━━━━━ GIVEN INFORMATION ━━━━━

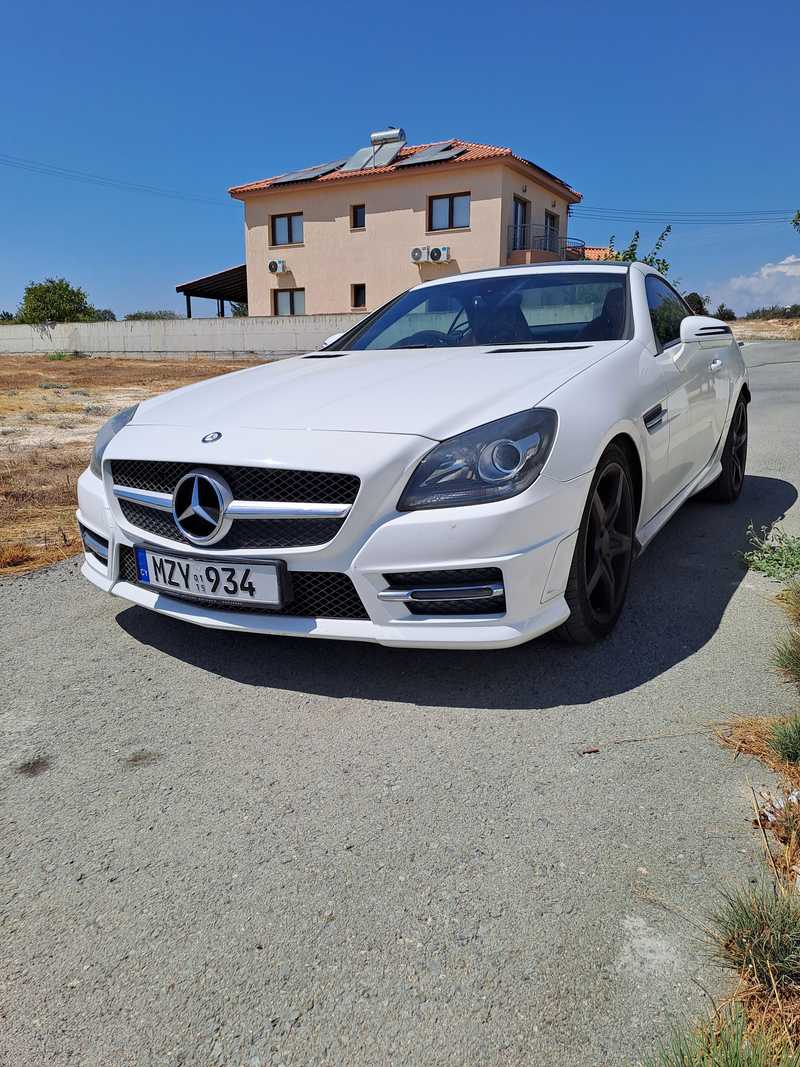 Mercedes-Benz SLK-Class 2,2L 2015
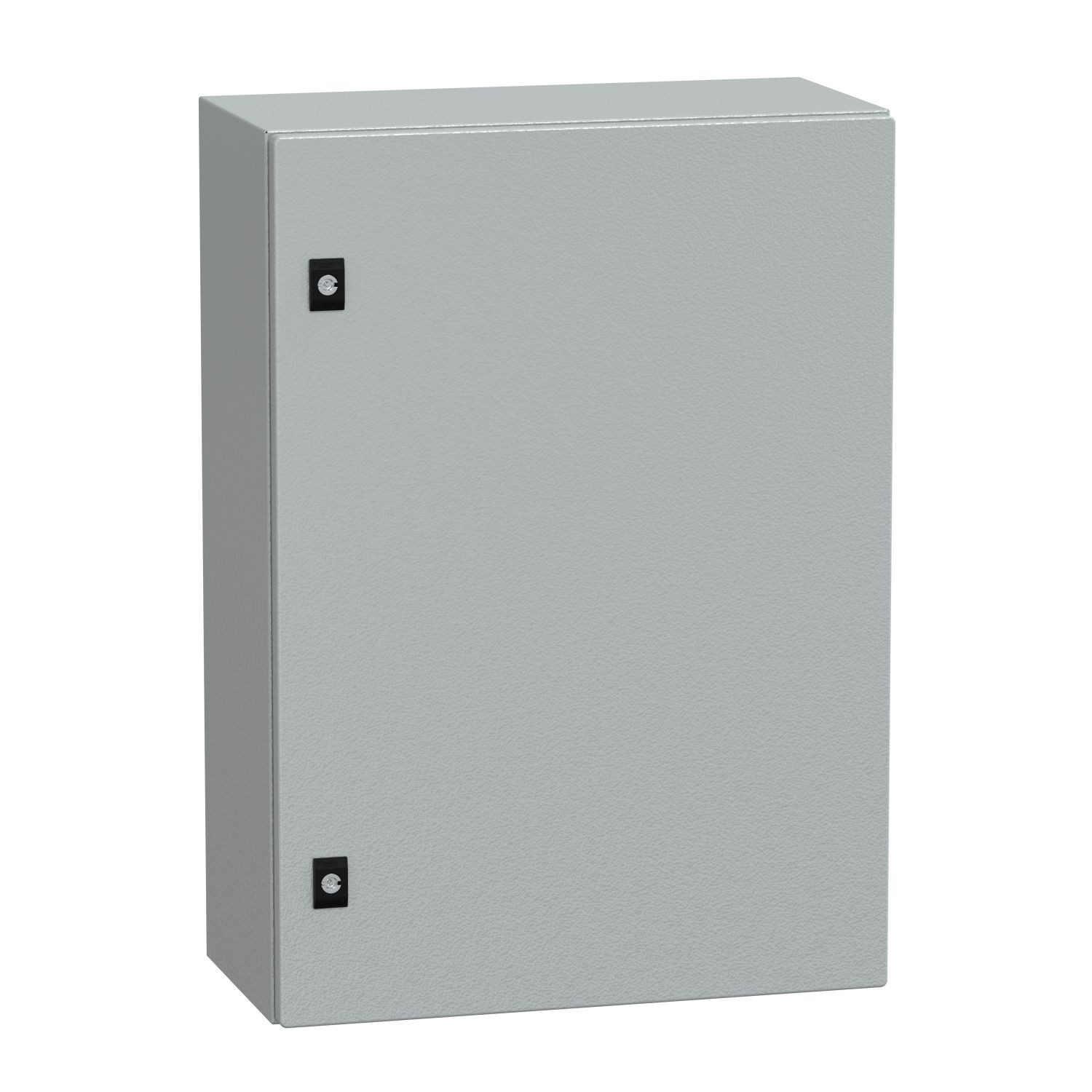 NSYCRN75250P PanelSeT CRN plain door with mount.plate. H700xW500xD250 IP66 IK10 RAL7035..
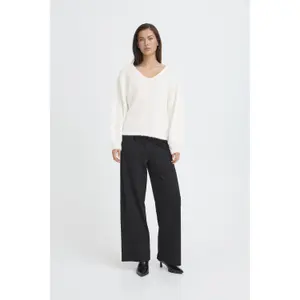 Pullover mit Rundhalsausschnitt Damen Ichi Dabria image-4
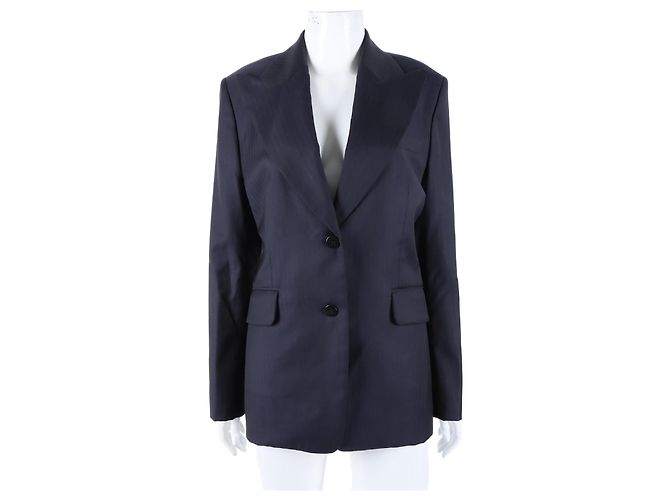 Hermès Hermes Jacket Blue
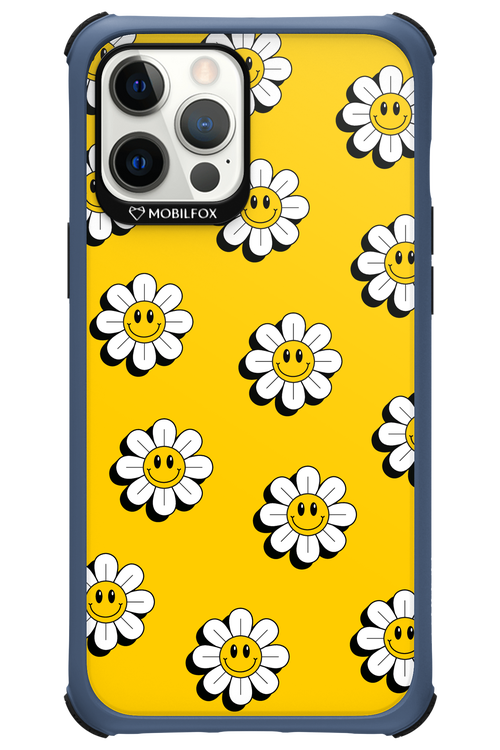 Smiley Flowers - Apple iPhone 12 Pro Max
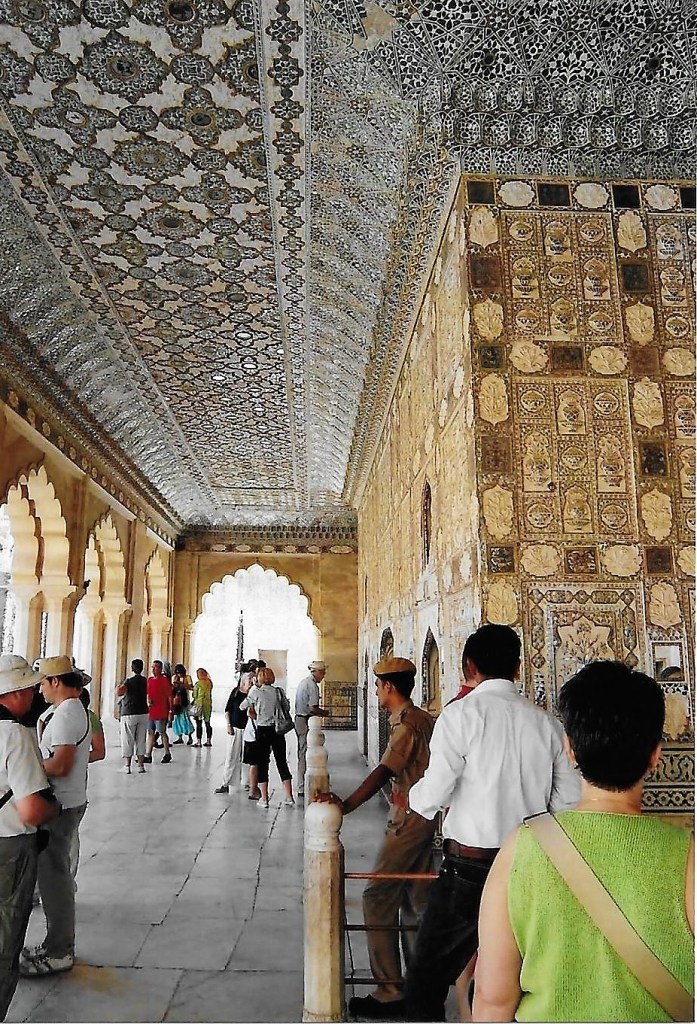 Sheesh Mahal/Amber Fort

━━━━━

Omitting the images, copy the listing exactly.

 Mercedes-Benz SLK-Class 2,2L 2015
 NSYCRN75250P PanelSeT CRN plain door with mount.plate. H700xW500xD250 IP66 IK10 RAL7035..
 Pullover mit Rundhalsausschnitt Damen Ichi Dabria image-4
 Hermès Hermes Jacket Blue
 Smiley Flowers - Apple iPhone 12 Pro Max
 Sheesh Mahal/Amber Fort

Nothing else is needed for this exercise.